Captioned web images:
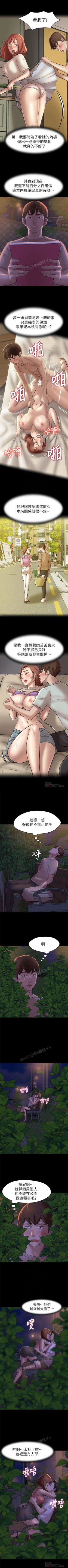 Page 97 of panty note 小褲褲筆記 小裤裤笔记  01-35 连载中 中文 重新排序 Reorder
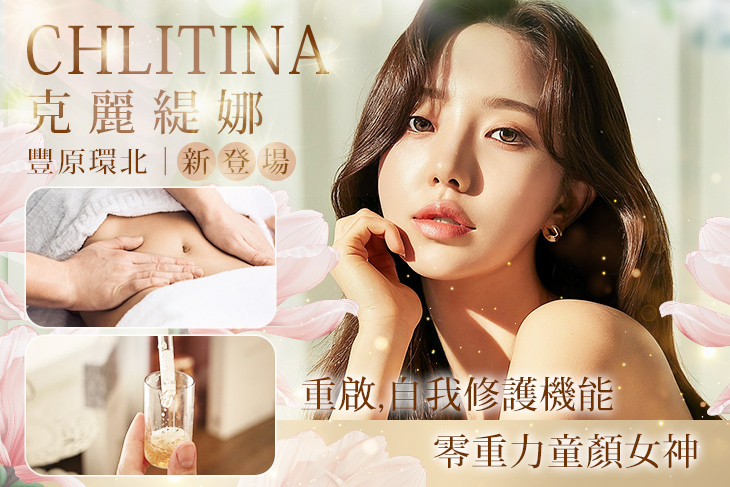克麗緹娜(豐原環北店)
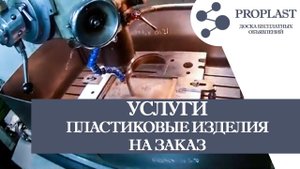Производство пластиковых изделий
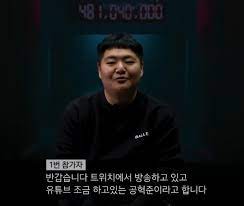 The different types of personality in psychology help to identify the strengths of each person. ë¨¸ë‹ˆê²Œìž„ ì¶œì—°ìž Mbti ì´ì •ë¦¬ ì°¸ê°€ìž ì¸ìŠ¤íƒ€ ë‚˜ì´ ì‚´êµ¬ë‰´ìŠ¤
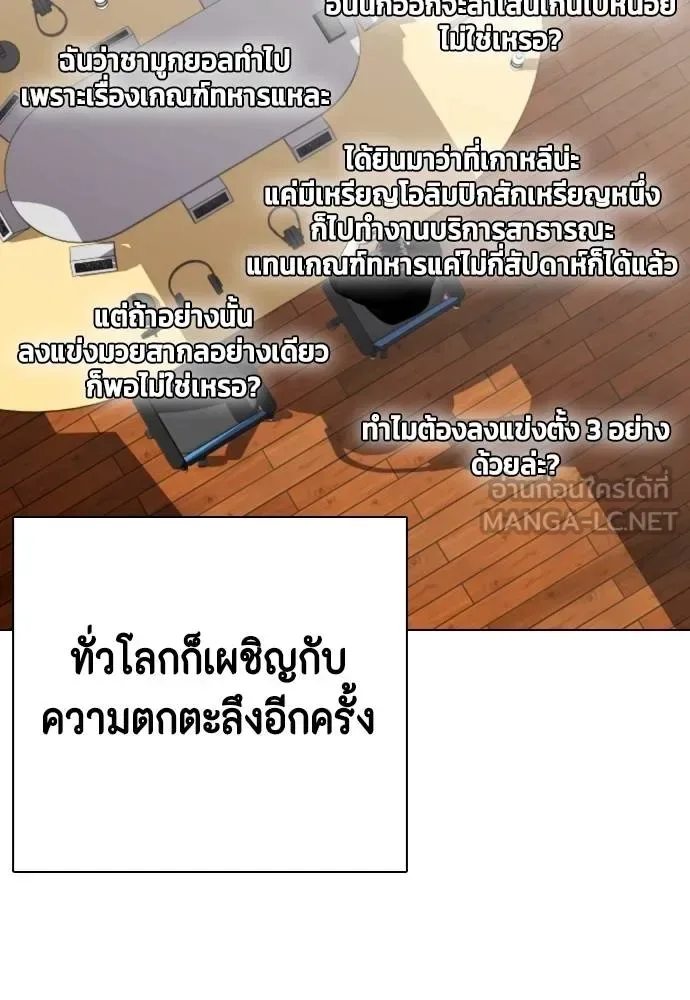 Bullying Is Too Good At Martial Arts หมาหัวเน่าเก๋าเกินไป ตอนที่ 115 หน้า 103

Required action. Quote, without alteration, the lines running from the line containing "克麗緹娜(豐原環北店)" to the last line of the entries, and include no pictures.

Expected answer.
克麗緹娜(豐原環北店)
Производство пластиковых изделий
 The different types of personality in psychology help to identify the strengths of each person. ë¨¸ë‹ˆê²Œìž„ ì¶œì—°ìž Mbti ì´ì •ë¦¬ ì°¸ê°€ìž ì¸ìŠ¤íƒ€ ë‚˜ì´ ì‚´êµ¬ë‰´ìŠ¤
 Bullying Is Too Good At Martial Arts หมาหัวเน่าเก๋าเกินไป ตอนที่ 115 หน้า 103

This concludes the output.